#### [Available data]
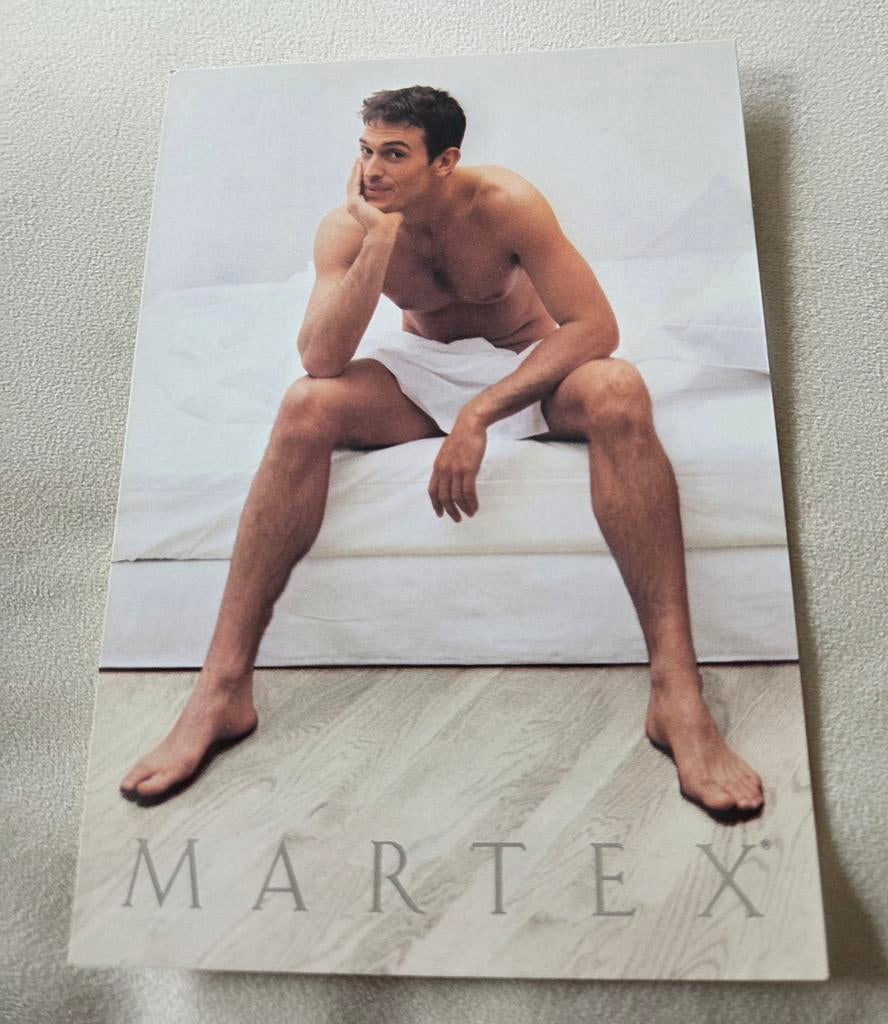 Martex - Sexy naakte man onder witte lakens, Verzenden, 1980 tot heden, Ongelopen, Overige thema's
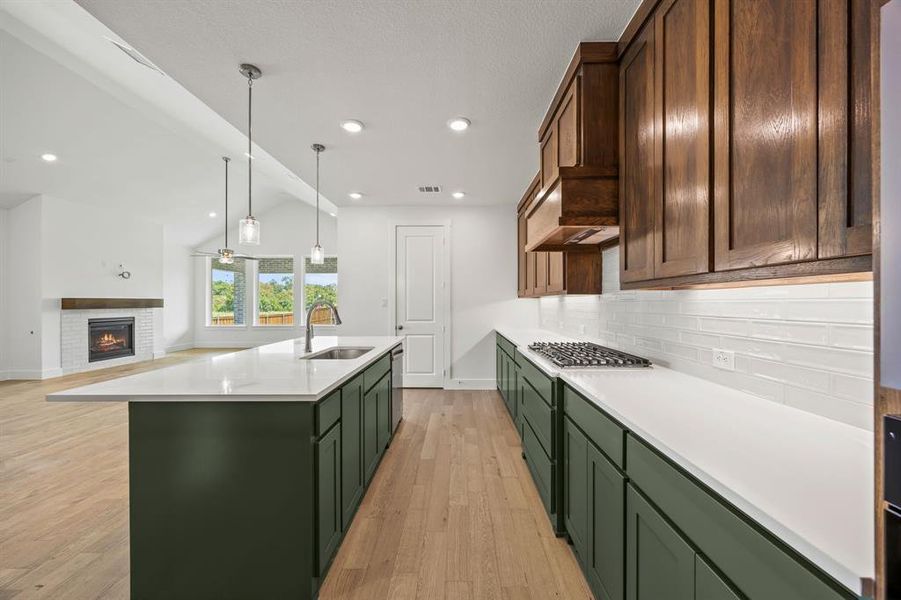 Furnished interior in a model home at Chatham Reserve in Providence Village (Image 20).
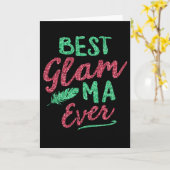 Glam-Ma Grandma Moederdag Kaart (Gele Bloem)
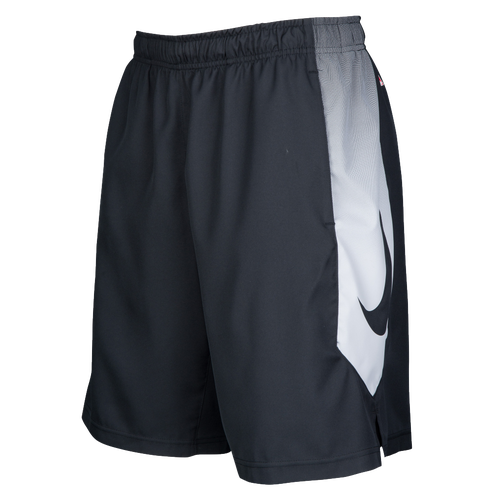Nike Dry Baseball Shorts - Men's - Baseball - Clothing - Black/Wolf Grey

#### [Task item]
When copying the listing, skip the pictures and keep each line exactly as written.

#### [Answer space]
 Martex - Sexy naakte man onder witte lakens, Verzenden, 1980 tot heden, Ongelopen, Overige thema's
 Furnished interior in a model home at Chatham Reserve in Providence Village (Image 20).
 Glam-Ma Grandma Moederdag Kaart (Gele Bloem)
Nike Dry Baseball Shorts - Men's - Baseball - Clothing - Black/Wolf Grey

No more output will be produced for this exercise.